The Ice Bucket Challenge ALS Campaign is a product of Social Media. “The origins of the idea of dumping cold water on one’s head to raise money for charity are unclear and have been attributed to multiple sources. From mid-2013 to early 2014, a challenge of unknown origin often called the “Cold Water Challenge” became popular on social media in areas of the northern United States.” The IBC-ALS Campaign is a message that takes on a specific form based on the codes & conventions of the medium used to convey the message to the target audience. It could not exist without a video hosting site such as YouTube and the means for the general public to easily video the symbolic act of donation challenge. The mass media forebear of this would be the Fund-raising Telethons ( The first Television Marathon to raise money for In 1949, Milton Berle hosted the first ever telethon, raising $1,100,000 for the Damon Runyon Cancer Research Foundation over the course of 16 hours ). Telethons are disappearing and have become less effective as the internet and other forms of television consumption has supplanted television broadcast dominancy. Even the Jerry Lewis MDA Labor Day Telethon, which was staged for over 21 hours each Labor Day came to an end (1966 and 2010).
The effectiveness of the Telethon and the newer form of Mass Media social activism plays on the various needs as expressed in Maslow’s Hierarchy of Needs.
Society’s fear of disabling & life threatening illnesses combines with the power of self-expression through Mass Media both in the Telethon and Social Media Challenges. Our concerns & need for Safety, Physiological Well-being, and Protection of of Our Loved Ones drives us to support causes such as research/finding a cure for ALS , MD or cancer.

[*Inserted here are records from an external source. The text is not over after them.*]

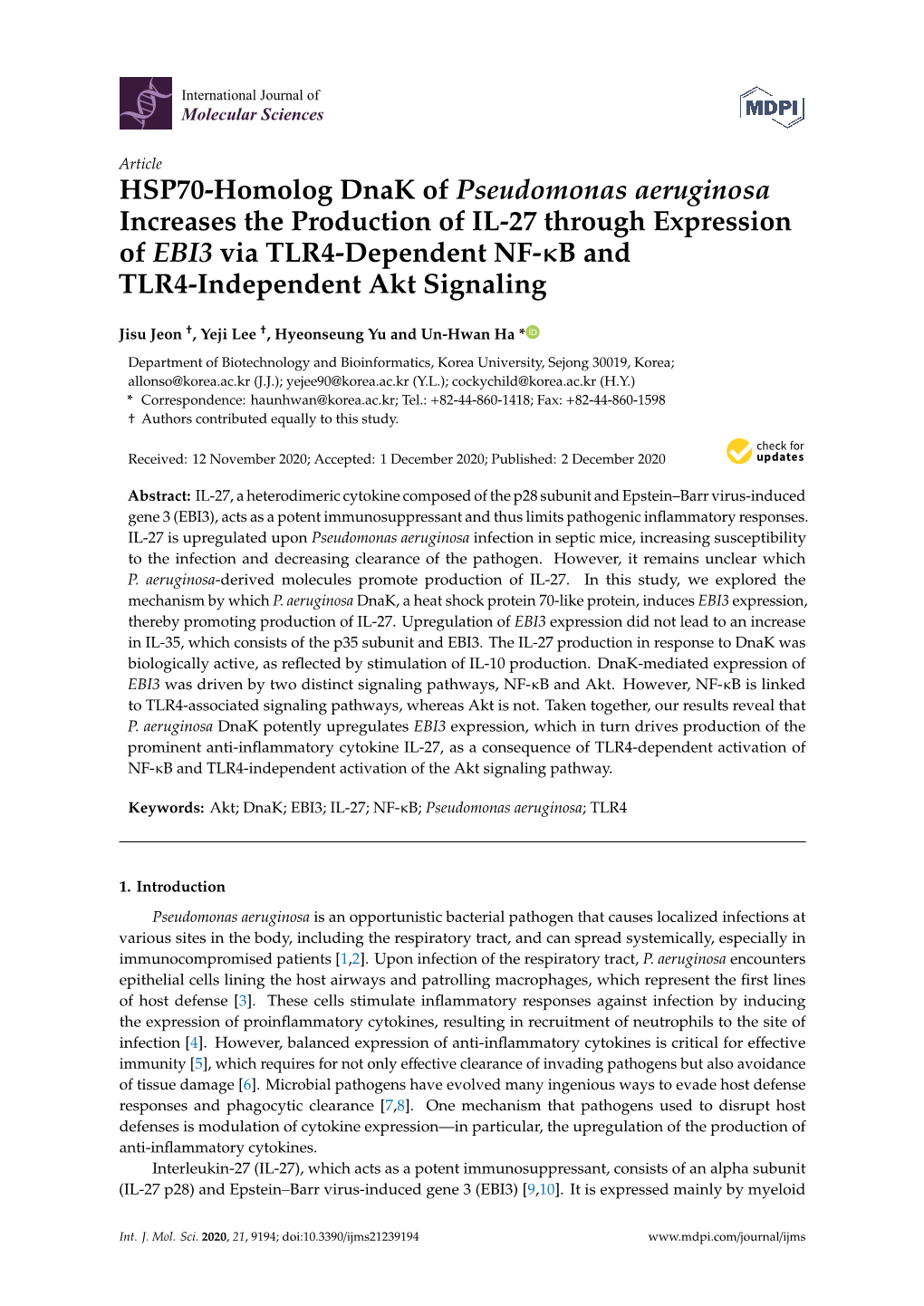 HSP70-Homolog Dnak of Pseudomonas Aeruginosa Increases the Production of IL-27 Through Expression of EBI3 Via TLR4-Dependent NF-Κb and TLR4-Independent Akt Signaling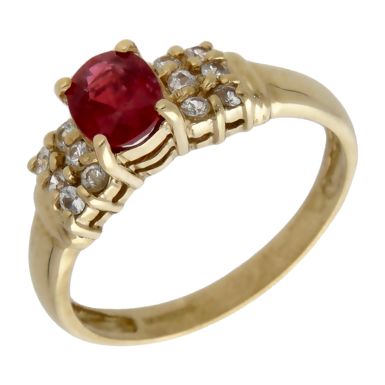 Pre-Owned 9ct Yellow Gold Red & White Topaz Dress Ring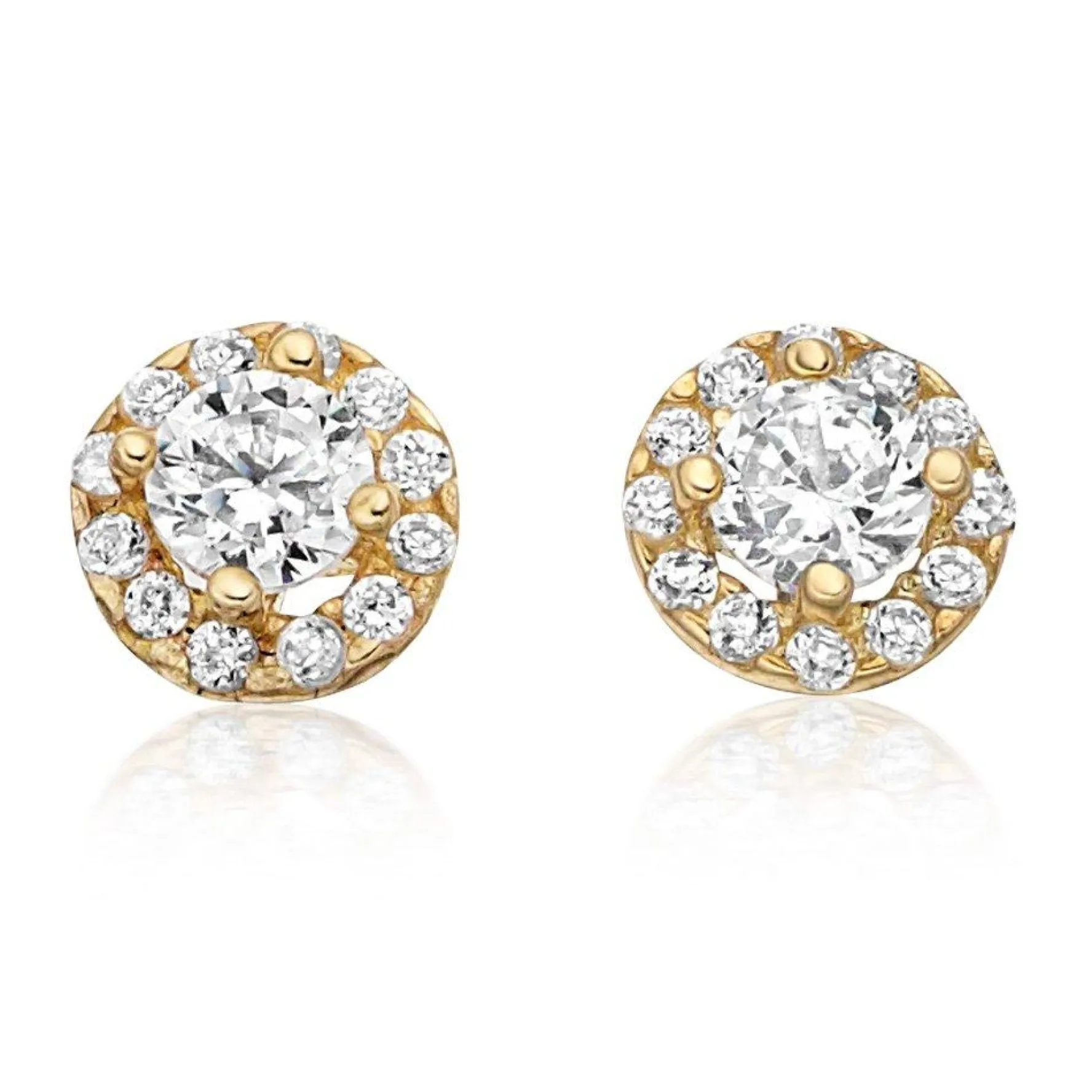 Beaverbrooks 9ct Gold Cubic Zirconia Stud Earrings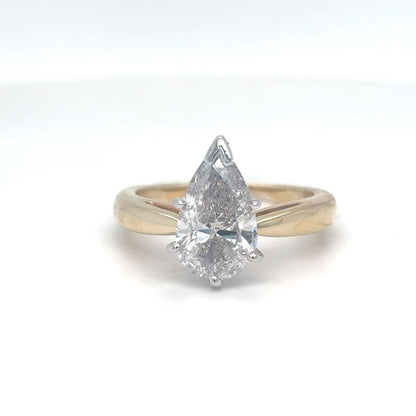 2.21CT PEAR BRILLIANT DIAMOND SOLITAIRE ENGAGEMENT RING I2/G 4.9G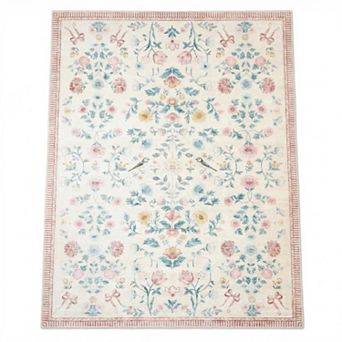 Vintage Floral Area Rug Washable Non Slip Botanical Carpet with Ribbon Accents for Nursery Bedroom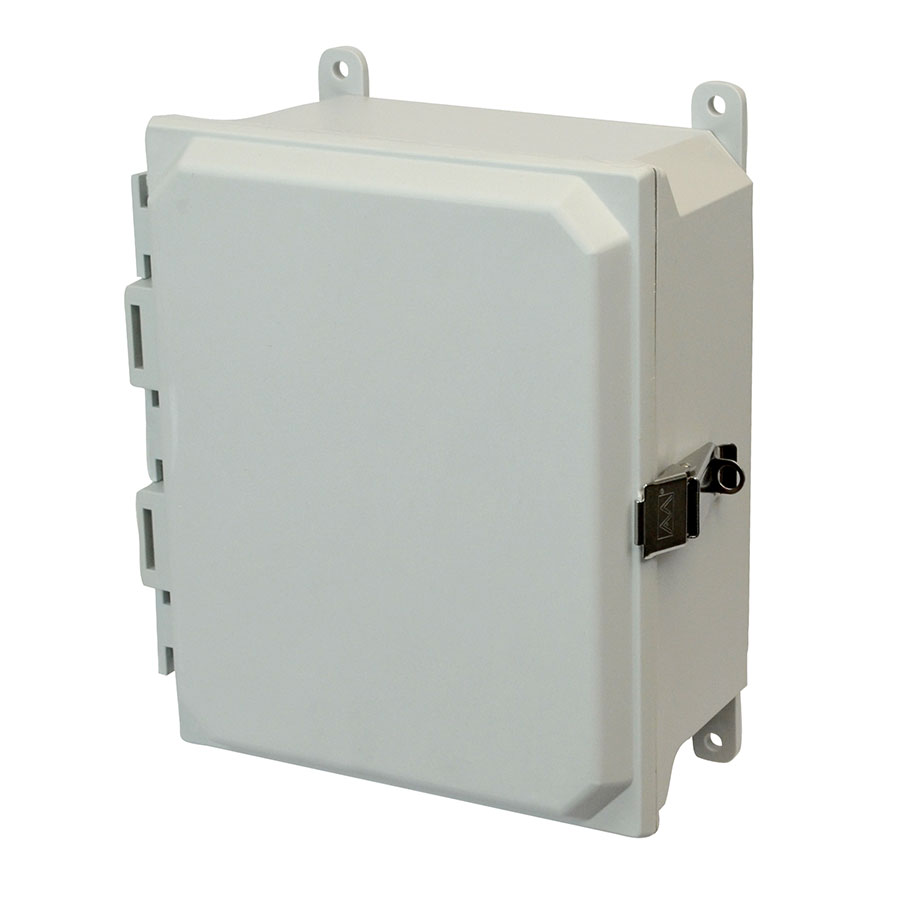 AMU864L Fiberglass enclosure with hinged cover and snap latch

Taking action fulfills the Needs for Esteem & Self-Actualization. On the negative side, some have pointed out that simply dousing oneself in ice water can be a form of Moral Self-Licensing (PDF) . “Self-licensing (aka moral self-licensing, moral licensing, licensing effect) is a term used in social psychology and marketing to describe the subconscious phenomenon whereby increased confidence and security in one’s self-image or self-concept tends to make that individual worry less about the consequences of subsequent immoral behaviour and, therefore, more likely to make immoral choices and act immorally. In simple terms, self-licensing occurs when people allow themselves to indulge after doing something positive first; for example, drinking a diet soda with a cheeseburger can lead one to subconsciously discount the negative attributes of the meal’s high caloric and cholesterol content.” In effect, the higher needs are satisfied without any measurable improvement to other individuals or the society as a whole. The challenge is becomes a a chain-letter of personal satisfaction.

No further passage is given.